“Mothers In Jazz” is a new series, started by vocalist Nicky Schrire. The initiative aims to create an online resource for working jazz musicians with children, those contemplating parenthood, and jazz industry figures who work with and hire musicians who are parents. The insight of the musicians interviewed for this series provides valuable emotional, philosophical and logistical information and support that is easily accessible to all. “Mothers In Jazz” shines a light on the very specific role of being both a mother and a performing jazz musician.
Kristin Berardi is a vocalist, composer and educator originally from Queensland, Australia. A dazzling improviser, she has collaborated with musicians including Dan Tepfer, Kenny Werner and Barney McAll.

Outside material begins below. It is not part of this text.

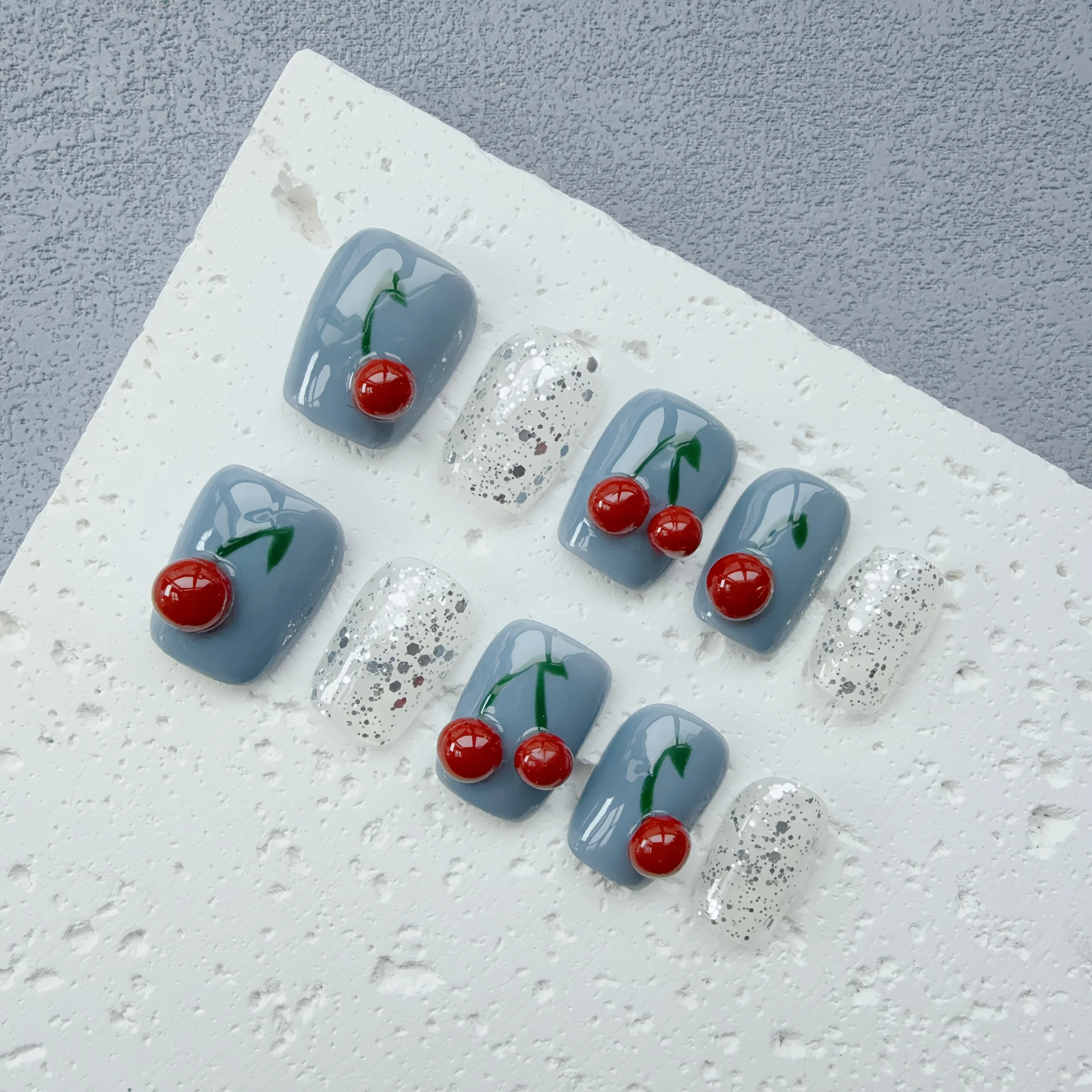 10 Stück High-End Short Fog Blue Cherry Serie handgemachte künstliche Nägel, reine süße Wind Serie Mädchen Nageldekoration Patch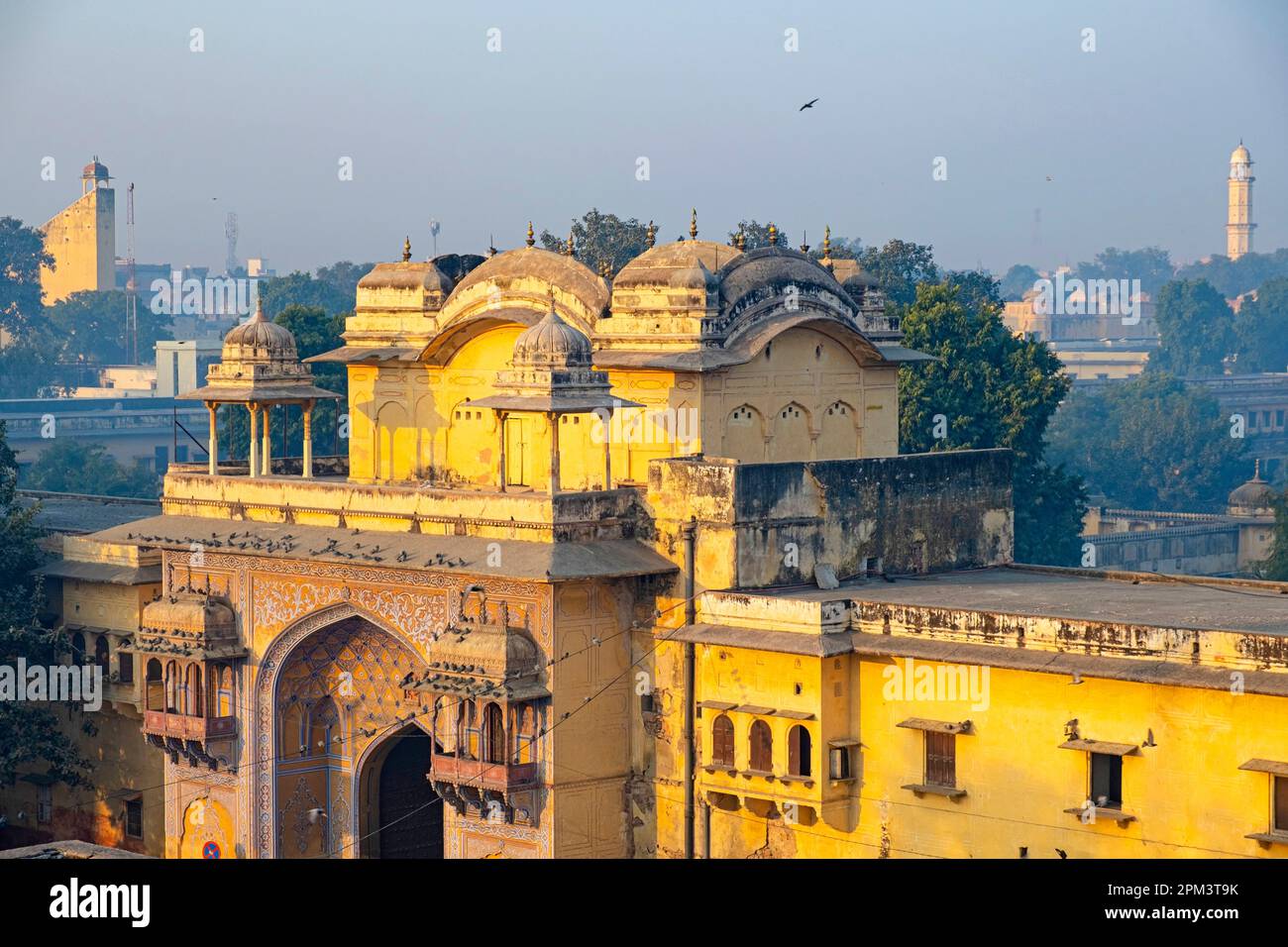 India, stato del Rajasthan, Jaipur, dichiarato Patrimonio Mondiale dall'UNESCO, il Nakkar Khana gate è una delle porte d'ingresso al Palazzo della Città Foto Stock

Kristin has received a slew of accolades, including winning the Montreux Jazz Festival’s International Jazz Vocal Competition in 2006, and being the only vocalist to receive the prestigious Freedman Music Fellowship for Jazz. A three-time National Bell Award-winner for “Best Jazz Vocal Album”, she performs internationally and just released her latest album “The Light and The Dark”, which features trumpeter Ingrid Jensen. Kristin recently relocated to Lucerne, Switzerland to take up a teaching position at Lucerne University of Applied Sciences and Arts/Hochschule Luzern (HSLU). She has two children, aged 11 and 15.
LondonJazz News: What is the best advice you received about balancing/juggling motherhood and career?
Kristin Berardi: I can’t remember being given any advice, but I remember just knowing I needed to keep active in music for me/for myself, and both of my children were well as babies so I was able to do this more easily. I was lucky in this way.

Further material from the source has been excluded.